> RECORDS FOR THE EXERCISE:
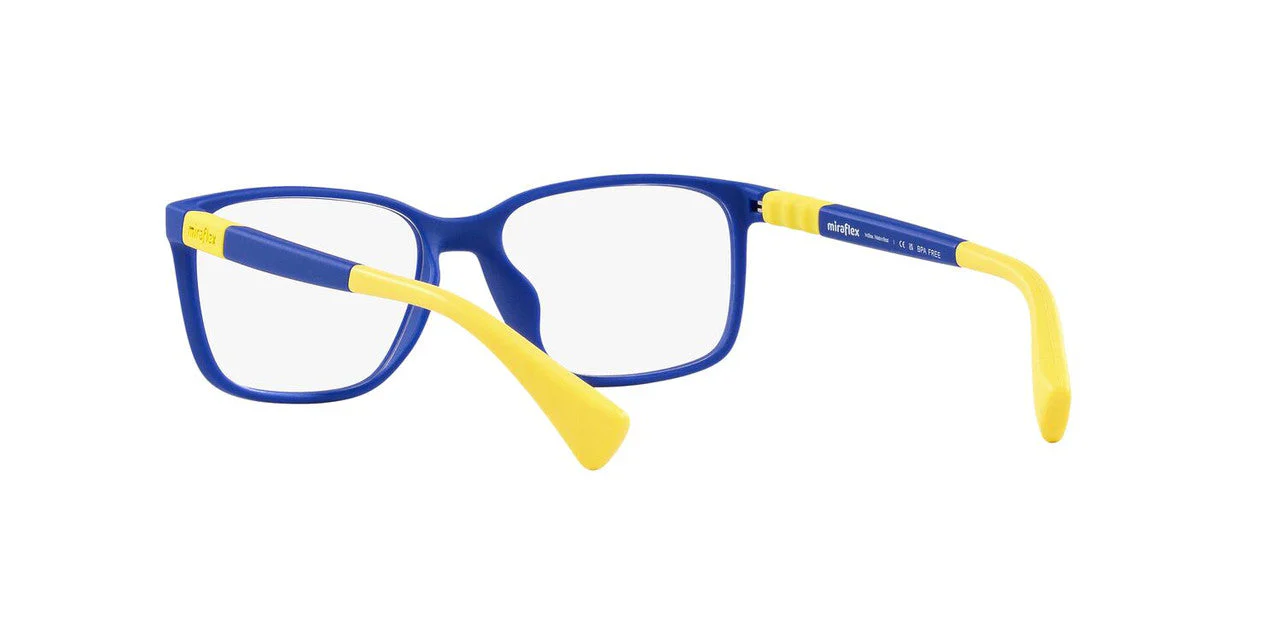 Armazón Miraflex MF4016 Azul - Image 4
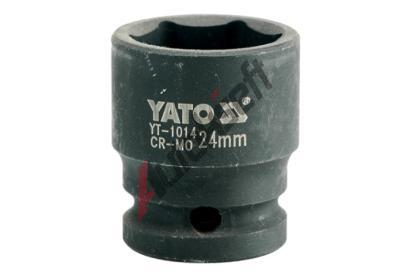 YATO Nstavec 1/2" rzov estihrann 24 mm CrMo YTO YT-1014, YT-1014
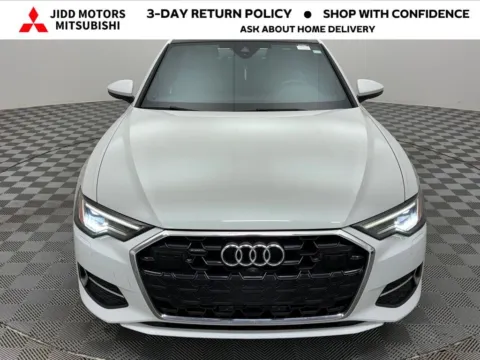 Photos of 2024 Audi A6 45 Premium Plus for sale in Des Plaines, IL at Jidd Motors Mitsubishi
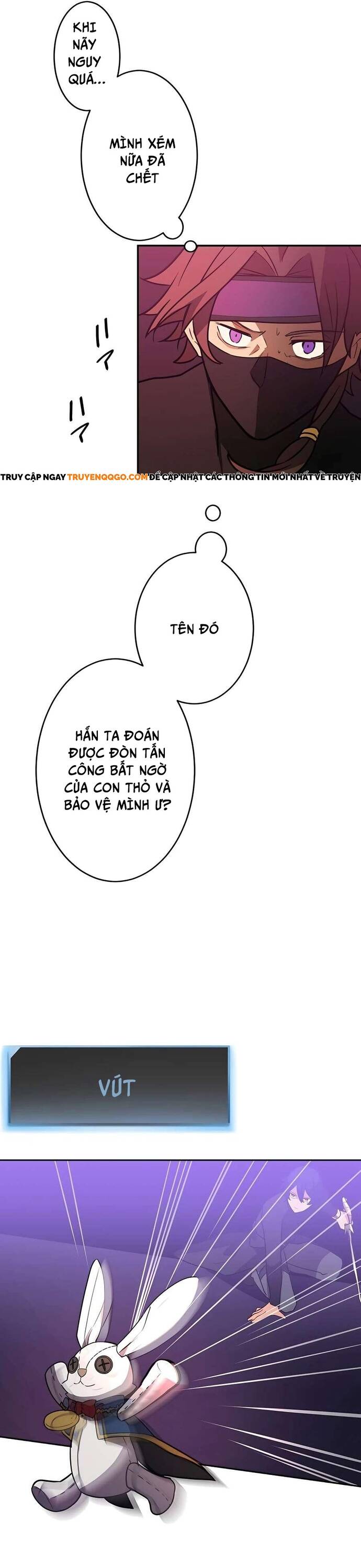 Game Thủ Tái Xuất, Trọng Lực Vô Song - Chapter 36 - Page 24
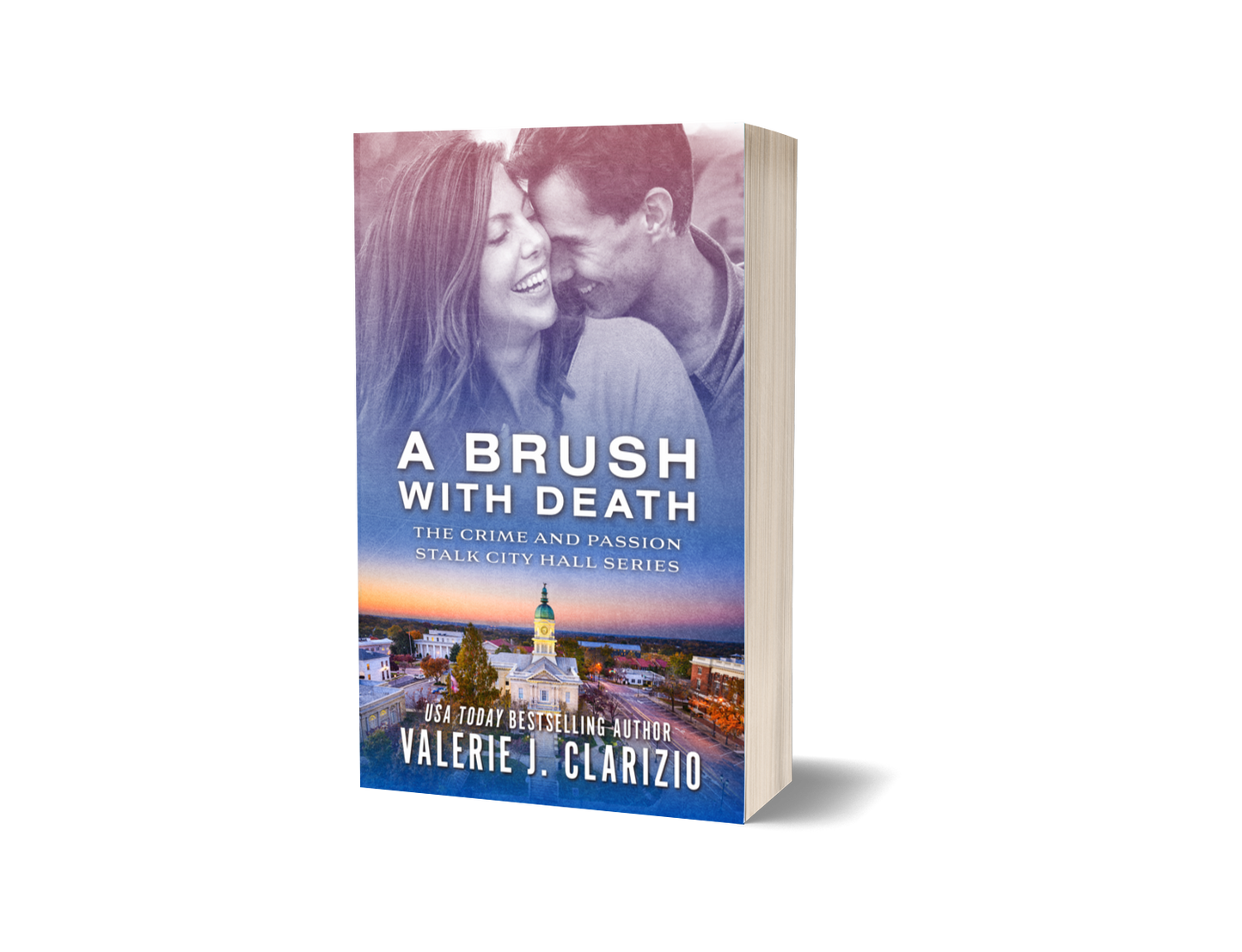 A Brush with Death - Paperback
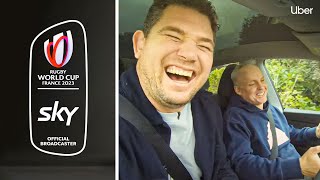 Uber: Rides With Legends | Christian Cullen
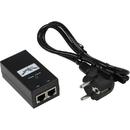 Ubiquiti PoE-48G Passive PoE Adapter EU, 48V 0.5A, 24W, Gigabit Ethernet version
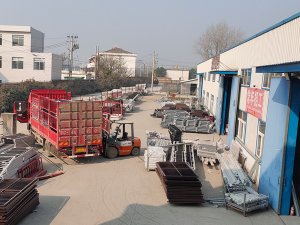 金用護(hù)欄2020年12月25日鋅鋼陽臺護(hù)欄發(fā)貨！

> TASK PROMPT: Retyped exactly, the lines from the one holding "Uber: Rides With Legends | Christian Cullen" through the last line of the data above are the whole answer. Pictures stay out.

> FINISHED EXERCISE:
 Uber: Rides With Legends | Christian Cullen
 Ubiquiti PoE-48G Passive PoE Adapter EU, 48V 0.5A, 24W, Gigabit Ethernet version
 金用護(hù)欄2020年12月25日鋅鋼陽臺護(hù)欄發(fā)貨！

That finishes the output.